→ What needs to be done
Somewhere below are a line with "Hanes Absolute Active" and a later line with "Toetsenbord Logitech K120 Qwerty zwart". Output exactly those lines and all lines between them.

=======

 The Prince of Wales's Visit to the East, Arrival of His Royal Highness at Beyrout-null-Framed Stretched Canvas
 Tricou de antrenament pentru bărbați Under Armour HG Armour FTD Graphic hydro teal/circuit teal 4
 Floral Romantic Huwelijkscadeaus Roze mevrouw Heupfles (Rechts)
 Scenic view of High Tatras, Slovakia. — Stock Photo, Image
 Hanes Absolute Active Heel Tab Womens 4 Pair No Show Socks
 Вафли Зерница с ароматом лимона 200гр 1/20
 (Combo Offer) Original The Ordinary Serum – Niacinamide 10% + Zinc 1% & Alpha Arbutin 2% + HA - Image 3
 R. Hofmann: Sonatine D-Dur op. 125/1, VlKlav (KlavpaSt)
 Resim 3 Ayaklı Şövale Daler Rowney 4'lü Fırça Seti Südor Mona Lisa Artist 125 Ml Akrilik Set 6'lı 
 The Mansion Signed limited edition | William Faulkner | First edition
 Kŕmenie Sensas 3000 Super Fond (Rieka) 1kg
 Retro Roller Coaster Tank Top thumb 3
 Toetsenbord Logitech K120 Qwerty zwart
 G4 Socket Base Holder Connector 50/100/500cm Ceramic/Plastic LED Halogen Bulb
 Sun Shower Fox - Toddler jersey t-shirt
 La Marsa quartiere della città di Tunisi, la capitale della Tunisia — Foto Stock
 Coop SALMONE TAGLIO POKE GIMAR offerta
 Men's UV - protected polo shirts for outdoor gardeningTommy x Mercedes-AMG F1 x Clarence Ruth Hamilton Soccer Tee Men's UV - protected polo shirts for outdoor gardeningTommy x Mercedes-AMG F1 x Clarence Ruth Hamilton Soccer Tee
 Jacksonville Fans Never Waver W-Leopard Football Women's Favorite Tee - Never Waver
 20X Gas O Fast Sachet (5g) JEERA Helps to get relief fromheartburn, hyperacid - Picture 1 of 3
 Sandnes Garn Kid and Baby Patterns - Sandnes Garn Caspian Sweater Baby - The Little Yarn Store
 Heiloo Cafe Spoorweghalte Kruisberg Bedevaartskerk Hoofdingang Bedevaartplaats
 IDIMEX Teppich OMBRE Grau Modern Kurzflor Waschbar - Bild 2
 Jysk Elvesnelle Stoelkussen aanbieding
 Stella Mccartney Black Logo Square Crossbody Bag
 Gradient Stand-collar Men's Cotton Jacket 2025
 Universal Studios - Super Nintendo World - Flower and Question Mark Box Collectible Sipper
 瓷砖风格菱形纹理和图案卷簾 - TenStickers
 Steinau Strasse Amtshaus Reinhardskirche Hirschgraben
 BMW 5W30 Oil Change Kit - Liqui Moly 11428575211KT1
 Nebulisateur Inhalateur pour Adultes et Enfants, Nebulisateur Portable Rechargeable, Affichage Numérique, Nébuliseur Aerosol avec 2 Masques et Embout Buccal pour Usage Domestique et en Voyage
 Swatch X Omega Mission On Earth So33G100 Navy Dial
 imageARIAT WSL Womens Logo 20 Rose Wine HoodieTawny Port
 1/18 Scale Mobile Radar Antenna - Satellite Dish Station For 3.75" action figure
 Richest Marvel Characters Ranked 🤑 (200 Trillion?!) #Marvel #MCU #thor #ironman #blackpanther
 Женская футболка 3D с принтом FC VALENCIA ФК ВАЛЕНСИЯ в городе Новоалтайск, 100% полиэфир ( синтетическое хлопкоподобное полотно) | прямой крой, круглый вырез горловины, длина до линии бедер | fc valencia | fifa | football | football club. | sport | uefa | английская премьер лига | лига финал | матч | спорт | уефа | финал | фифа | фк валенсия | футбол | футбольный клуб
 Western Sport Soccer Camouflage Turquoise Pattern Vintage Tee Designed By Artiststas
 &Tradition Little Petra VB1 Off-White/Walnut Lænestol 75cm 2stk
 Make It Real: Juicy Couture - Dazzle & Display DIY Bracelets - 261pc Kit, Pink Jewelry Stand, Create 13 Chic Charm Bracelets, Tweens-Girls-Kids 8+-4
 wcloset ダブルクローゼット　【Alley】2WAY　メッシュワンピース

=======

→ Task result
 Hanes Absolute Active Heel Tab Womens 4 Pair No Show Socks
 Вафли Зерница с ароматом лимона 200гр 1/20
 (Combo Offer) Original The Ordinary Serum – Niacinamide 10% + Zinc 1% & Alpha Arbutin 2% + HA - Image 3
 R. Hofmann: Sonatine D-Dur op. 125/1, VlKlav (KlavpaSt)
 Resim 3 Ayaklı Şövale Daler Rowney 4'lü Fırça Seti Südor Mona Lisa Artist 125 Ml Akrilik Set 6'lı 
 The Mansion Signed limited edition | William Faulkner | First edition
 Kŕmenie Sensas 3000 Super Fond (Rieka) 1kg
 Retro Roller Coaster Tank Top thumb 3
 Toetsenbord Logitech K120 Qwerty zwart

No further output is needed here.